One retailer, H-E-B, flew in truck drivers by helicopter. Kroger filled up company buses with employees who traveled from other cities and states to work in Houston and coastal areas.
And Wal-Mart tapped distribution centers as far away as North Carolina and New Mexico to bring in truckloads of bottled water and non-perishable food.
Officials from all three stores said they had been studying weather patterns and getting ready to respond before the hurricane made its first landfall.
Once the storm hit, they began to tackle on-the-ground challenges — bringing in enough inventory to restock bare shelves, helping truck drivers navigate roads with high water and finding employees in hard-hit areas to put items on shelves and check out customers.
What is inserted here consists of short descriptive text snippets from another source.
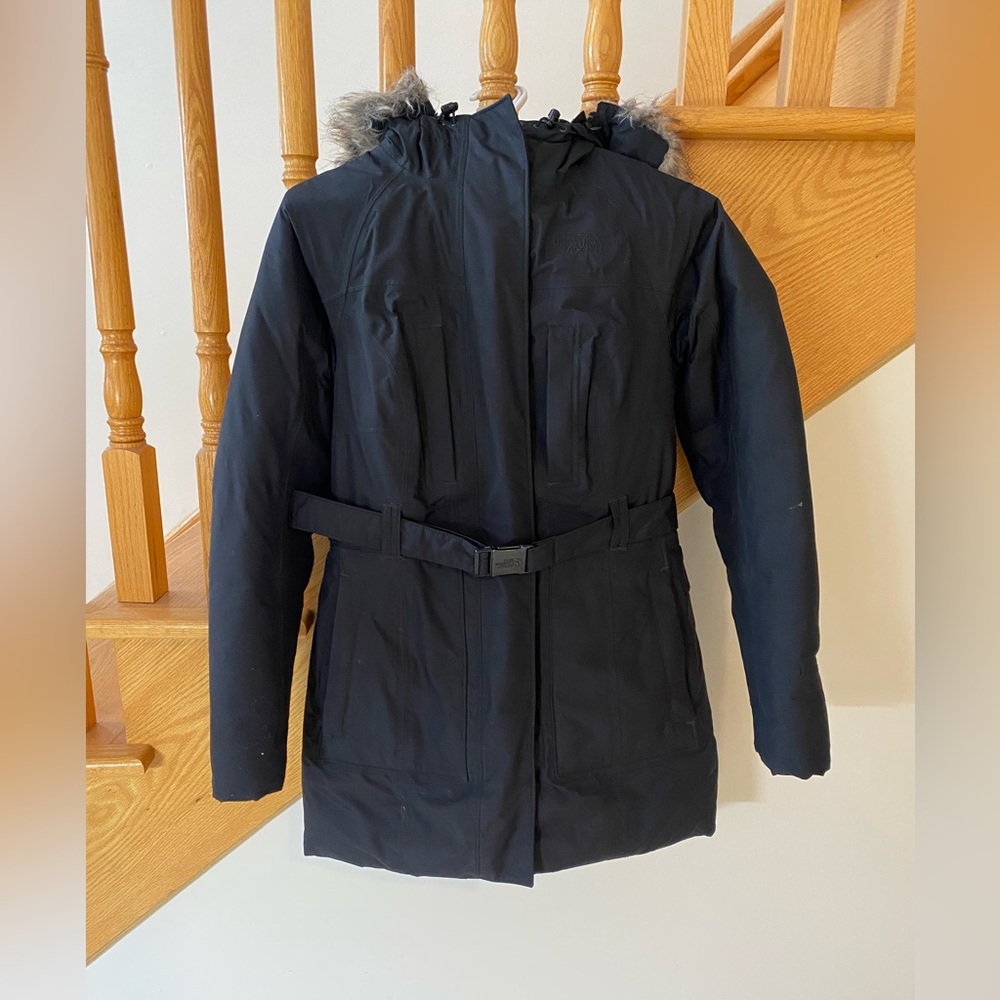The north face down parka black
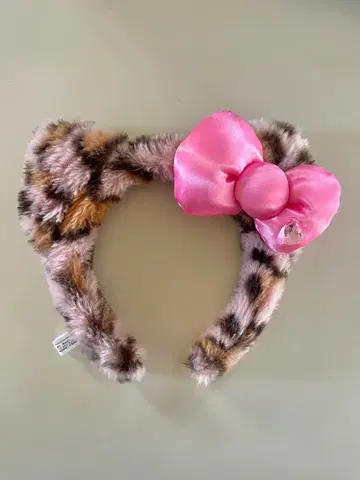 유니버셜 USJ 머리띠 헬로키티 레오파드 무늬 핑크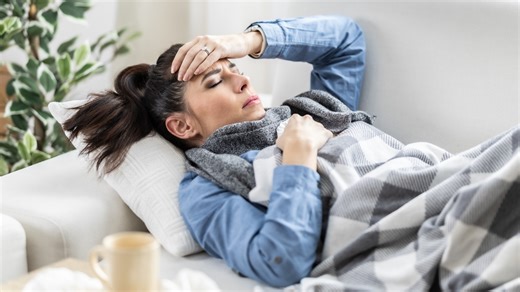 How to tell difference between common cold and 'super flu' as doctors explain 'key symptom'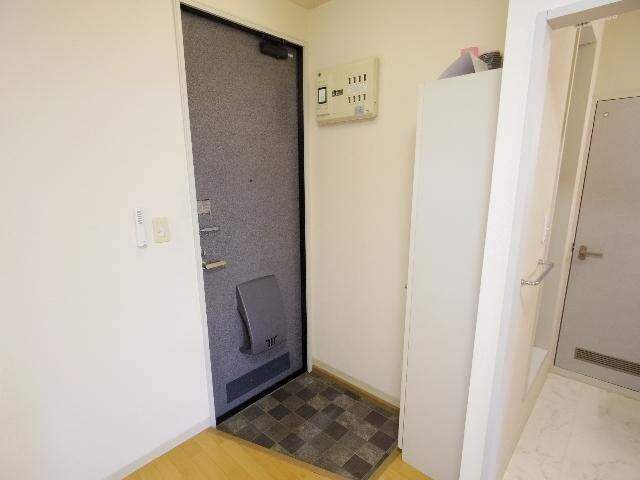  東海道本線/静岡駅 バス20分平和町下車:停歩3分 2階 築30年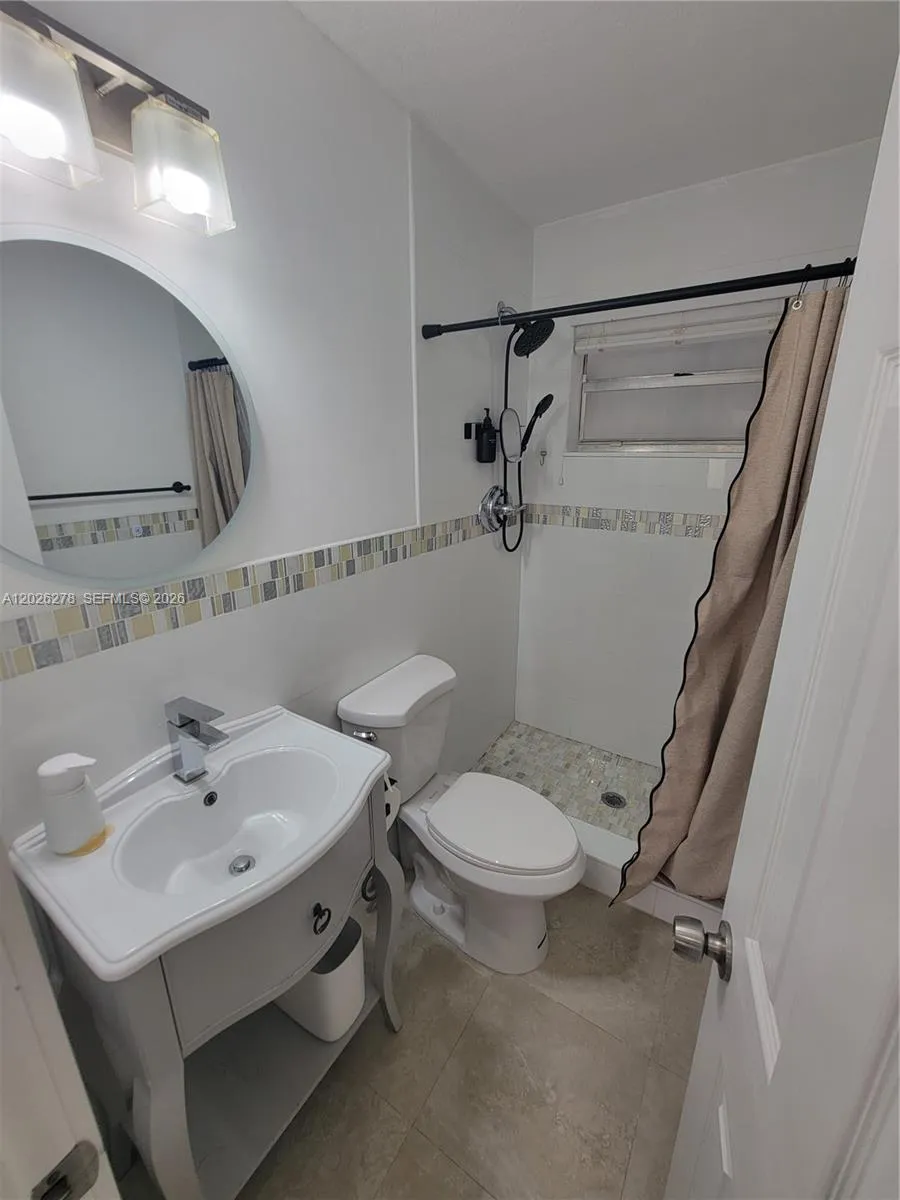 1052 SW 79th Ave #. Miami, FL 33144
Now major retailers are pushing to get stores back in operation as rescue efforts continue and floodwaters recede. Flooding, power outages and staff shortages had led to closures. And they’re striving to meet the needs of people who’ve lost their homes, power and belongings.
“Grocery stores, we are right up there with first responders,” Kroger spokeswoman Kristal Howard said.
Hurricane evacuees have come to stores looking for water and non-perishable food, but also for underwear and socks. That’s led to higher demand at Wal-Mart stores north of Houston, where people have stopped to shop while fleeing, company spokesman Ragan Dickens said.
“When you’ve lost everything, the fresh change of clothes becomes vitally important,” he said.
At its peak, Wal-Mart had a total of 134 stores and distribution centers closed, Dickens said. The closures peaked on Tuesday morning.
By early Thursday, only 21 facilities still were shuttered — 19 Wal-Mart stores, one Sam’s Club and one distribution center, he said. The closed stores are predominantly in Houston, Beaumont and Aransas Pass, where streets are flooded.
High demand for items — and difficult logistics of bringing in supply — has led to longer lines at some Wal-Mart stores. Some of the stores, which are relying on leaner staffs, are letting a limited number of people into the stores at a time to keep customers and employees safe, Dickens said.
The Wal-Mart spokesman said he expects high demand at Houston and coastal area stores over the coming weeks and months.
Customers needed flashlights, water and non-perishable food to prepare for the storm and respond to it. Soon, he said, they’ll need items such as paper towels, wipes and disinfectants for the next phase — cleanup. And eventually, he said, they will need clothes, pillows and replacements for all other belongings that are lost or destroyed.
Wal-Mart has seen a spike in demand in Temple, College Station and other cities north of Houston where evacuees have stopped as they’ve fled.
In the past six days, Wal-Mart has sent 1,060 eighteen-wheeler trucks to South Texas, Dickens said. Of those, 932 were full of bottled water.
San Antonio-based grocer H-E-B booked hotel rooms in the Houston area before the hurricane so that out-of-town employees could work at local grocery stores after the storm ended, said Mabrie Jackson, H-E-B Central Market spokeswoman in Dallas.
More than 100 employees from the San Antonio area are traveling to Houston and coastal area stores to work in stores.